Many pop-up shops find that a pop-up status can be a good first step toward permanent residency in New York City. One-time pop-uppers, like Kai D. menswear store at 75 Orchard Street are signing long-term leases after their short-term occupancies run out. The strategy is also working for desperate landlords, who eagerly sign-on the temporary shops when tenants are hard to come by.
The famous 1990s nightclub Limelight is getting a rebirth as a retail experiment and it's proving successful, with 75 percent of the available 60 shop spaces leased. Retailers are Caswell Massey, America's oldest retailer and Hunter Boots, a 150-year-old firm. Newcomers include Mari's New York, a brownie business; It's Sugar, a candy store, Carter & Cavero Old World Olive Oil, and Silly Souls, a baby goods store. They're also negotiating to bring in three restaurants.
New York City Buildings Sold:
- 452 Fifth Avenue, a 29-story, 865,000 SF office building, was sold to Midtown Equities; IDB Group for $330 million.
- 318 East 48th Street, a 5-story, 40,000 SF garage building, was sold to The Government of the Republic of Singapore for $29.5 million.
- 550 West 17th Street, 528 West 162nd Street and 284 Audubon Avenue, 3 garages, 425 spaces total, was sold to ABS Partners Real Estate for $10.5 million.
- 330 East 38th Street (The Corinthian), 186-space garage, was sold to Alliance Parking for $10.28 million.

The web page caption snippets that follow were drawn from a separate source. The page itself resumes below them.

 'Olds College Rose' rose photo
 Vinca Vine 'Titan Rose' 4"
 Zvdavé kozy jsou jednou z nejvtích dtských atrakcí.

- 150 and 152 East 23rd Street, 2 office buildings, 20,646 SF total, was sold for $9.5 million.
- 633 Third Avenue, a Commercial condo, was sold to The Permanent Mission of Afghanistan to the United Nations for $5.4 million.
- 79 Mott Street, 11,275 SF mixed-use building, was sold for $5.2 million.
- 51 and 53 West 19th Street, Two 5-story mixed-use buildings, was sold to for $5 million.
- 599 Broadway, 10,000 SF commercial condo, 5th floor, was sold to Infusion Development LLC for $4.5 million.
- 599 Broadway, 10,000 SF commercial condo, 4th floor, was sold to MKG Productions for $4.2 million.